Respeto por los hombres, respeto por sus almas invisibles o tan raramente, tan patéticamente adivinadas; respeto por sus tristes cuerpos que ellos mismos no respetan, conformándose con quererlos, con torturarlos, o con negarlos. Respeto por las cosas de las que los hombres abusan con más inconsciencia aun, y que tratan peor que a su propio corazón. Respeto por el silencio, pleno del presentimiento de las voces futuras; respeto por el pasado, que es presente, como en el escriño la marca dejada por el anillo desaparecido, y respeto por el instante presente, que irá pronto a unirse al pasado, atraído por la imantación del Tiempo. Respeto por los ángeles que son nuestros guardianes y son quizá nuestras almas; respeto por nuestros demonios también, que no son sino la sombra arrojada por nuestros ángeles. Respeto por Dios, aunque no exista, porque no ser después de todo es sólo una manera un poco más noble y más pura de existir, y porque lo poseemos al menos bajo la forma de deseo y de espera. Respeto por el amor, que los hombres y las mujeres no respetan más, porque tienen miedo de que se los obligue a ser dignos de él. Respeto por la muerte, que es el fruto de nuestra vida, y casi su hija. Rilke respetó todas estas cosas, y su existencia estuvo dedicada a venerarlas posando sobre ellas manos cada vez más temblorosas, pero que sólo temblaban, como las de un amante, a fuerza de coraje. En una época que se muere de sequedad desdeñosa y de indiferencia grosera, Rilke es el único poeta al que las cosas y los seres libraron sus supremos secretos, porque ha sido el único en comprender la necesidad de arrodillarse. No dispone de las dotes de un visionario, como Blake, de un nigromante, como Swedenborg, o de un brujo, como el viejo Goethe; no posee la riqueza del extraño magnetismo telúrico que hace de la obra de Thomas Mann el más poderoso reservorio de fuerzas elementales; no tiene entre los dedos los útiles cortantes y encorvados de un Proust. En el fondo de tanta desnudez y de tanta soledad, los privilegios de Rilke, y su misterio mismo, son el resultado del respeto, de la paciencia, y de la espera con las manos juntas. Un buen día, esas manos doradas por el reflejo de vaya uno a saber qué cielos desconocidos se separaron de ellas mismas, iguales al cascarón frágil y perecedero de un fruto formado en la profundidad de esas palmas, y del cual nunca se sabrá si debe más a la luz que lo hizo madurar, o a las tinieblas de las cuales salió.

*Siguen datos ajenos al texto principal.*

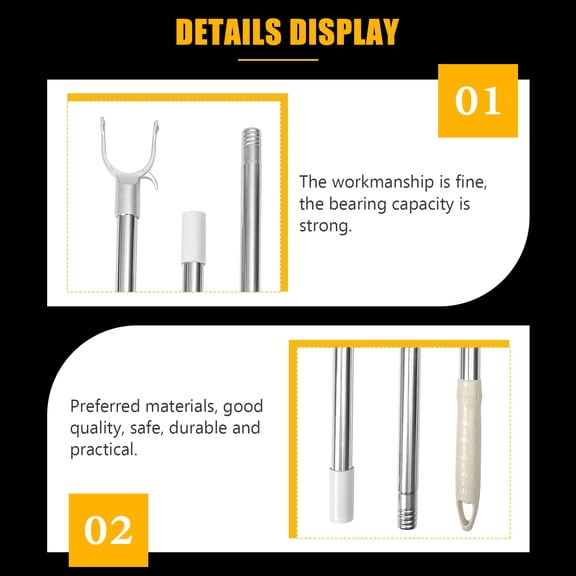 OFFIGAM White Household Clothes Drying Rod with Adjustable Length and Sturdy Alloy Construction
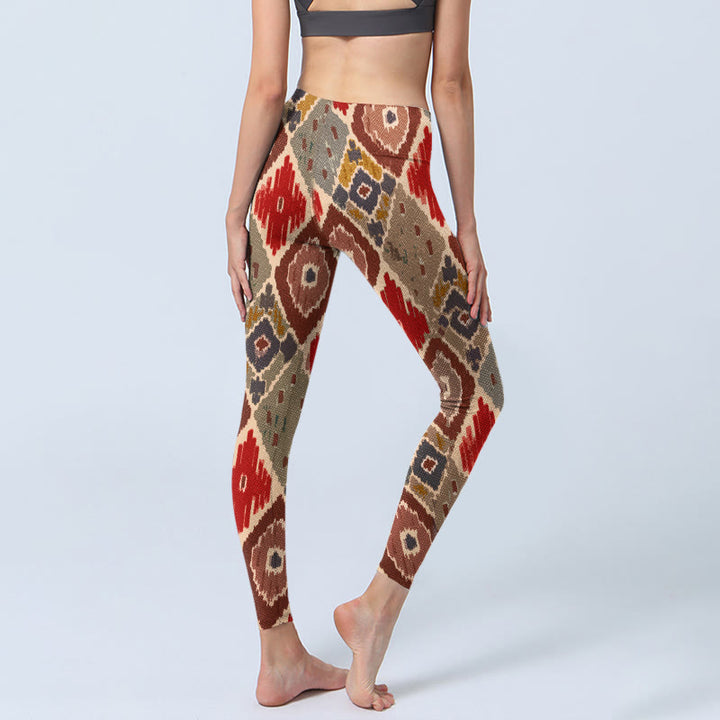 Buddha Stones Karomuster bedruckte Gym Leggings Damen Yogahose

En Roma, una noche de Navidad que se une e iguala a la mañana de Pascuas del primer Fausto, Rilke escribía a un joven poeta para aconsejarle ser grande, y consolarlo de estar solo. Entre los compañeros dispuestos a poblar nuestras soledades, enumeraba Dios, y la primavera, y la infancia, y el viento sobre todo "que ha pasado por encima de los árboles de muchos paises". El recuerdo de Rilke ha llegado a ser ahora igual a esta brisa, que reabre como una rosa de Jericó el corazón desecado de los solitarios. Porque él fue triste, nuestra amargura es menos grande; estamos menos preocupados, porque él vivió sin seguridad; estamos menos abandonados, porque él estuvo solo. Hace diez años que Rilke entró en esa tierra donde el sepulturero de sus cuentos esperaba cavar bastante antes para encontrarse con Dios, y ya la obra de este poeta tomó la forma de Angel, y lleva a los desgraciados el refresco de sus propias lágrimas.